As is our family tradition, every birthday is celebrated with a special birthday breakfast, usually picnic style in the bedroom of the birthday person. This Christmas we extended it to a celebrate the birth of Christ...all warm and cozy in front our fireplace. And today, you guess it, our family enjoyed a special breakfast (for dinner) in honor of Dr. Martin Luther King, Jr. around the dinner table. In addition to the delicious food pictured below, we enjoyed some fun conversation inspired by the food, which was inspired by this important holiday.
It has come to be expected by our kids that birthday breakfasts include cinnamon rolls (we usually for the Pillsbury kind with orange glaze). Because this is now a staple celebratory pastry and I really want to reduce the amount of processed foods we eat, it was on of my bucket list of recipes to learn for this year. I followed this recipe and love the use of orange juice and orange zest. Buh-bye Pillsbury.
With some of the leftover juice, I sprinkled it on our fruit salad. We usually do one very "fun" fruit for birthday breakfast (like mango), but a fruit salad teaches us a lot about appreciation of diversity. The different shapes, colors, textures, and tastes of all the fruit are what makes fruit salad so great! I didn't mention this to the kids, but it makes me cringe to hear the US referred to as "the melting pot." It sounds like we're all supposed to be exactly the same...kinda like if you pureed my fruit salad. Then you can't appreciate all the unique things that each fruit contributes!
Next going clockwise is a fried egg. You've probably heard of the children's activity where you show them a brown egg and a white egg and talk about how we make look different on the outside, but inside we're all the same. I can see this going wrong...another "We're-all-the-same" "Our-differences-don't-matter" type-thing. In my opinion, differences do matter, and we should recognize them and appreciate them. So we did. Quite simply, different hens make different eggs, as do ducks, geese, etc. Then Bo transitioned to the more complex issue of judging by first appearances and also brought in MLK's famous quote, "I have a dream that my four little children will one day live in a nation where they will not be judged by the color of their skin, but by the content of their character." We couldn't tell much difference between the two hen eggs based on what was on the inside. The colors and sizes were slightly different, but both kinds were good enough to eat. Once we cooked them, we couldn't tell which was which too, but everyone gladly ate what they were served.

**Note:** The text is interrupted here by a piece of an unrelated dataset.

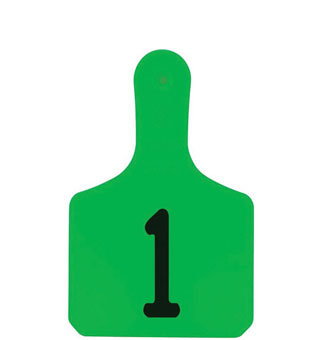 Y-TAGS™ 1-PIECE EAR TAG LASER CALF NUMBERED 1-25 GREEN 25/PKG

Lastly, we had bacon. We made no significant connection there. It's just another special treat for a special day!
In a future posts, I'll review what we have been doing for the past week or so to teach about Dr. Martin Luther King and also emphasize of the importance of this national holiday. I hope you had a great day off, if you did! If you didn't do something meaningful to you or to your family in honor of MLK yet, I encourage you to do it. It's not too late! It doesn't need to be grand either. Let's just somehow recognize the impact Dr. King has had on this country and the civil rights movement. Let me know how you celebrated too! I like getting new ideas.